►

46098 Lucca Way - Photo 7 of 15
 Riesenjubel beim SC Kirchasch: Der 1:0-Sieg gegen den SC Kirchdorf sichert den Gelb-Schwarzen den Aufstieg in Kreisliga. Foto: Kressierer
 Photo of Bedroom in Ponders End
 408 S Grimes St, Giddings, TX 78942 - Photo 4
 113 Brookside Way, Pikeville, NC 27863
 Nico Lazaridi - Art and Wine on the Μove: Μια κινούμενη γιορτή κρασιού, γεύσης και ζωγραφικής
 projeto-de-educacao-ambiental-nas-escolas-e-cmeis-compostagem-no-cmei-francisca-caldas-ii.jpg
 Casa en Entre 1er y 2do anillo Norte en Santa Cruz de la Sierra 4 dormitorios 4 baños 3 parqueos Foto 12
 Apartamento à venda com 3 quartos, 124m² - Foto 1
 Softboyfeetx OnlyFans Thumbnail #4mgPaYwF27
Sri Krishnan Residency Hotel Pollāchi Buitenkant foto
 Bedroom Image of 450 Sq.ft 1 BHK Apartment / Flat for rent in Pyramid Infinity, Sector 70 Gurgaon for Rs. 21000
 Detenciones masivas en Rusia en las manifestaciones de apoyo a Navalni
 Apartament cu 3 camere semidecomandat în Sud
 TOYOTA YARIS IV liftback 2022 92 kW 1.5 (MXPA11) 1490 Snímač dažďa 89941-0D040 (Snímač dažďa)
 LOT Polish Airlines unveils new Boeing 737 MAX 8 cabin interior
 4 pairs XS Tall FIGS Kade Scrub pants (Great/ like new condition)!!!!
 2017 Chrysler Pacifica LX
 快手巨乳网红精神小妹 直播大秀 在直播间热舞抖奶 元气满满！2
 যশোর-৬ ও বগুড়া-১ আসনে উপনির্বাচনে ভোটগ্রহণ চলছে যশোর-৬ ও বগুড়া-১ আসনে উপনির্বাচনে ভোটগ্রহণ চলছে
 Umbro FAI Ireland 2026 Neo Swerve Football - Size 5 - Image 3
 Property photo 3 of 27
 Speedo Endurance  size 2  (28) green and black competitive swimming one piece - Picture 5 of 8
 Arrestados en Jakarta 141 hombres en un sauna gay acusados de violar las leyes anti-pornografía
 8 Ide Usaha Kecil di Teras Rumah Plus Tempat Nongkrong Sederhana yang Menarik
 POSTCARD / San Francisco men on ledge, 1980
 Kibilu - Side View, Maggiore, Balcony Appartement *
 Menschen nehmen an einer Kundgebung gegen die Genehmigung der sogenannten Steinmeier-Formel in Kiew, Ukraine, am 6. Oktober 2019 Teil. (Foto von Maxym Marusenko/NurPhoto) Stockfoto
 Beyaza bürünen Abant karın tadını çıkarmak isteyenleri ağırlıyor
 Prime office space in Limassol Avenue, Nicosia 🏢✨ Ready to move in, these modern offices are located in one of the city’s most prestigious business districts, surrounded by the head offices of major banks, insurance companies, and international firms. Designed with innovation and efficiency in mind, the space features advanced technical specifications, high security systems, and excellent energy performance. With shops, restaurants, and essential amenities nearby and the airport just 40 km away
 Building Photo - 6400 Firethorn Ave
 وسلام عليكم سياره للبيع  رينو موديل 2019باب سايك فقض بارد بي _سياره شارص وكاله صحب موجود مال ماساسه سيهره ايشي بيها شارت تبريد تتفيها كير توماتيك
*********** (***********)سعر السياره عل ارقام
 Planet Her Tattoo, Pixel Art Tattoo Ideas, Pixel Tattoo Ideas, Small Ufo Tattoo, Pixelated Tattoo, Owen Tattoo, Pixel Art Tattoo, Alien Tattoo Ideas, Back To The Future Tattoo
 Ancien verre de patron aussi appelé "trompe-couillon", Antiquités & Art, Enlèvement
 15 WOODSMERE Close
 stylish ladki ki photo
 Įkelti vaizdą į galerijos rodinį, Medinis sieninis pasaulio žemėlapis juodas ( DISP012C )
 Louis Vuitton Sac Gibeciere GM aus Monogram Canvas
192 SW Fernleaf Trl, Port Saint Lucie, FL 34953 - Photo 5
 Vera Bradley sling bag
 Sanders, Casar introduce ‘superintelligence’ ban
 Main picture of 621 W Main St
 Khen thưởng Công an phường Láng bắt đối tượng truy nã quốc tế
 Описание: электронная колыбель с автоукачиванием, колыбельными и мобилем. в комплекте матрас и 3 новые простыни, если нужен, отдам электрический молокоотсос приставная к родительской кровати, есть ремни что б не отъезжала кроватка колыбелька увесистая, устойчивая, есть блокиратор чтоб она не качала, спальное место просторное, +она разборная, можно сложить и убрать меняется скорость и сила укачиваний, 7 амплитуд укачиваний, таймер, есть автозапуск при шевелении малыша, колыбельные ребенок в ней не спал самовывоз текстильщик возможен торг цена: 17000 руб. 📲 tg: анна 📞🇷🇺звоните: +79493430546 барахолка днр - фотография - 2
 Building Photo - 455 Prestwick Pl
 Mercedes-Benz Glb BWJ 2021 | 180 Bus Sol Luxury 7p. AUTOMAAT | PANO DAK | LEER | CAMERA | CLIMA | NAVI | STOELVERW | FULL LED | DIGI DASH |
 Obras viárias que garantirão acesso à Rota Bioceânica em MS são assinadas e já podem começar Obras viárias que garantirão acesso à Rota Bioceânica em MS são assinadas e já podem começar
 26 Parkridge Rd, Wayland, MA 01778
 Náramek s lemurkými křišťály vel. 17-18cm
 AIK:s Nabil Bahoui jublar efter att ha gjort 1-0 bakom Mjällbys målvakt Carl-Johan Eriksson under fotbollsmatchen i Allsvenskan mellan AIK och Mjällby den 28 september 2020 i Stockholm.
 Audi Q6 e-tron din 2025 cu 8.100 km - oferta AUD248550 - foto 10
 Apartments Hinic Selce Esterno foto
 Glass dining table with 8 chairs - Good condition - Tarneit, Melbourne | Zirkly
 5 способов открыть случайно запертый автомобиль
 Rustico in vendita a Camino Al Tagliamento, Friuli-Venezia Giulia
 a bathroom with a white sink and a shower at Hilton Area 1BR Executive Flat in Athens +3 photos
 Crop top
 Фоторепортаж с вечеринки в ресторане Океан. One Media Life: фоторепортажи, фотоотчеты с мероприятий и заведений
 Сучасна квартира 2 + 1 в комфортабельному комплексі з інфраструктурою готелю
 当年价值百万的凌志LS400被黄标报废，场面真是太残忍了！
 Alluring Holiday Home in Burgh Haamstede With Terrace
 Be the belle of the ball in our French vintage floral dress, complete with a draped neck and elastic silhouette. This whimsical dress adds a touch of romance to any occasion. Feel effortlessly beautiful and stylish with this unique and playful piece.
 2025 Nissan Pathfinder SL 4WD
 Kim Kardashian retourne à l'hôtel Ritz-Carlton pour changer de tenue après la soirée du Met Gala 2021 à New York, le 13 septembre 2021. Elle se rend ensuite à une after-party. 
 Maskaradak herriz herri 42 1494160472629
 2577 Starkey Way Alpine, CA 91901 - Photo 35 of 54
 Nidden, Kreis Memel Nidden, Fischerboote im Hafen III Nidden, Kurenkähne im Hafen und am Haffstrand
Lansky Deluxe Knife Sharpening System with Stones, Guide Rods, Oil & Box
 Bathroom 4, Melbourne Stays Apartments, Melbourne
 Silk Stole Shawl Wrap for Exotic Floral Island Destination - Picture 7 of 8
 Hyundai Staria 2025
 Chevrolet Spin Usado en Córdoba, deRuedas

◄

## EXERCISE DIRECTIONS
Letter for letter, copy all of the entries above.

## TASK SOLUTION
46098 Lucca Way - Photo 7 of 15
 Riesenjubel beim SC Kirchasch: Der 1:0-Sieg gegen den SC Kirchdorf sichert den Gelb-Schwarzen den Aufstieg in Kreisliga. Foto: Kressierer
 Photo of Bedroom in Ponders End
 408 S Grimes St, Giddings, TX 78942 - Photo 4
 113 Brookside Way, Pikeville, NC 27863
 Nico Lazaridi - Art and Wine on the Μove: Μια κινούμενη γιορτή κρασιού, γεύσης και ζωγραφικής
 projeto-de-educacao-ambiental-nas-escolas-e-cmeis-compostagem-no-cmei-francisca-caldas-ii.jpg
 Casa en Entre 1er y 2do anillo Norte en Santa Cruz de la Sierra 4 dormitorios 4 baños 3 parqueos Foto 12
 Apartamento à venda com 3 quartos, 124m² - Foto 1
 Softboyfeetx OnlyFans Thumbnail #4mgPaYwF27
Sri Krishnan Residency Hotel Pollāchi Buitenkant foto
 Bedroom Image of 450 Sq.ft 1 BHK Apartment / Flat for rent in Pyramid Infinity, Sector 70 Gurgaon for Rs. 21000
 Detenciones masivas en Rusia en las manifestaciones de apoyo a Navalni
 Apartament cu 3 camere semidecomandat în Sud
 TOYOTA YARIS IV liftback 2022 92 kW 1.5 (MXPA11) 1490 Snímač dažďa 89941-0D040 (Snímač dažďa)
 LOT Polish Airlines unveils new Boeing 737 MAX 8 cabin interior
 4 pairs XS Tall FIGS Kade Scrub pants (Great/ like new condition)!!!!
 2017 Chrysler Pacifica LX
 快手巨乳网红精神小妹 直播大秀 在直播间热舞抖奶 元气满满！2
 যশোর-৬ ও বগুড়া-১ আসনে উপনির্বাচনে ভোটগ্রহণ চলছে যশোর-৬ ও বগুড়া-১ আসনে উপনির্বাচনে ভোটগ্রহণ চলছে
 Umbro FAI Ireland 2026 Neo Swerve Football - Size 5 - Image 3
 Property photo 3 of 27
 Speedo Endurance  size 2  (28) green and black competitive swimming one piece - Picture 5 of 8
 Arrestados en Jakarta 141 hombres en un sauna gay acusados de violar las leyes anti-pornografía
 8 Ide Usaha Kecil di Teras Rumah Plus Tempat Nongkrong Sederhana yang Menarik
 POSTCARD / San Francisco men on ledge, 1980
 Kibilu - Side View, Maggiore, Balcony Appartement *
 Menschen nehmen an einer Kundgebung gegen die Genehmigung der sogenannten Steinmeier-Formel in Kiew, Ukraine, am 6. Oktober 2019 Teil. (Foto von Maxym Marusenko/NurPhoto) Stockfoto
 Beyaza bürünen Abant karın tadını çıkarmak isteyenleri ağırlıyor
 Prime office space in Limassol Avenue, Nicosia 🏢✨ Ready to move in, these modern offices are located in one of the city’s most prestigious business districts, surrounded by the head offices of major banks, insurance companies, and international firms. Designed with innovation and efficiency in mind, the space features advanced technical specifications, high security systems, and excellent energy performance. With shops, restaurants, and essential amenities nearby and the airport just 40 km away
 Building Photo - 6400 Firethorn Ave
 وسلام عليكم سياره للبيع  رينو موديل 2019باب سايك فقض بارد بي _سياره شارص وكاله صحب موجود مال ماساسه سيهره ايشي بيها شارت تبريد تتفيها كير توماتيك
*********** (***********)سعر السياره عل ارقام
 Planet Her Tattoo, Pixel Art Tattoo Ideas, Pixel Tattoo Ideas, Small Ufo Tattoo, Pixelated Tattoo, Owen Tattoo, Pixel Art Tattoo, Alien Tattoo Ideas, Back To The Future Tattoo
 Ancien verre de patron aussi appelé "trompe-couillon", Antiquités & Art, Enlèvement
 15 WOODSMERE Close
 stylish ladki ki photo
 Įkelti vaizdą į galerijos rodinį, Medinis sieninis pasaulio žemėlapis juodas ( DISP012C )
 Louis Vuitton Sac Gibeciere GM aus Monogram Canvas
192 SW Fernleaf Trl, Port Saint Lucie, FL 34953 - Photo 5
 Vera Bradley sling bag
 Sanders, Casar introduce ‘superintelligence’ ban
 Main picture of 621 W Main St
 Khen thưởng Công an phường Láng bắt đối tượng truy nã quốc tế
 Описание: электронная колыбель с автоукачиванием, колыбельными и мобилем. в комплекте матрас и 3 новые простыни, если нужен, отдам электрический молокоотсос приставная к родительской кровати, есть ремни что б не отъезжала кроватка колыбелька увесистая, устойчивая, есть блокиратор чтоб она не качала, спальное место просторное, +она разборная, можно сложить и убрать меняется скорость и сила укачиваний, 7 амплитуд укачиваний, таймер, есть автозапуск при шевелении малыша, колыбельные ребенок в ней не спал самовывоз текстильщик возможен торг цена: 17000 руб. 📲 tg: анна 📞🇷🇺звоните: +79493430546 барахолка днр - фотография - 2
 Building Photo - 455 Prestwick Pl
 Mercedes-Benz Glb BWJ 2021 | 180 Bus Sol Luxury 7p. AUTOMAAT | PANO DAK | LEER | CAMERA | CLIMA | NAVI | STOELVERW | FULL LED | DIGI DASH |
 Obras viárias que garantirão acesso à Rota Bioceânica em MS são assinadas e já podem começar Obras viárias que garantirão acesso à Rota Bioceânica em MS são assinadas e já podem começar
 26 Parkridge Rd, Wayland, MA 01778
 Náramek s lemurkými křišťály vel. 17-18cm
 AIK:s Nabil Bahoui jublar efter att ha gjort 1-0 bakom Mjällbys målvakt Carl-Johan Eriksson under fotbollsmatchen i Allsvenskan mellan AIK och Mjällby den 28 september 2020 i Stockholm.
 Audi Q6 e-tron din 2025 cu 8.100 km - oferta AUD248550 - foto 10
 Apartments Hinic Selce Esterno foto
 Glass dining table with 8 chairs - Good condition - Tarneit, Melbourne | Zirkly
 5 способов открыть случайно запертый автомобиль
 Rustico in vendita a Camino Al Tagliamento, Friuli-Venezia Giulia
 a bathroom with a white sink and a shower at Hilton Area 1BR Executive Flat in Athens +3 photos
 Crop top
 Фоторепортаж с вечеринки в ресторане Океан. One Media Life: фоторепортажи, фотоотчеты с мероприятий и заведений
 Сучасна квартира 2 + 1 в комфортабельному комплексі з інфраструктурою готелю
 当年价值百万的凌志LS400被黄标报废，场面真是太残忍了！
 Alluring Holiday Home in Burgh Haamstede With Terrace
 Be the belle of the ball in our French vintage floral dress, complete with a draped neck and elastic silhouette. This whimsical dress adds a touch of romance to any occasion. Feel effortlessly beautiful and stylish with this unique and playful piece.
 2025 Nissan Pathfinder SL 4WD
 Kim Kardashian retourne à l'hôtel Ritz-Carlton pour changer de tenue après la soirée du Met Gala 2021 à New York, le 13 septembre 2021. Elle se rend ensuite à une after-party. 
 Maskaradak herriz herri 42 1494160472629
 2577 Starkey Way Alpine, CA 91901 - Photo 35 of 54
 Nidden, Kreis Memel Nidden, Fischerboote im Hafen III Nidden, Kurenkähne im Hafen und am Haffstrand
Lansky Deluxe Knife Sharpening System with Stones, Guide Rods, Oil & Box
 Bathroom 4, Melbourne Stays Apartments, Melbourne
 Silk Stole Shawl Wrap for Exotic Floral Island Destination - Picture 7 of 8
 Hyundai Staria 2025
 Chevrolet Spin Usado en Córdoba, deRuedas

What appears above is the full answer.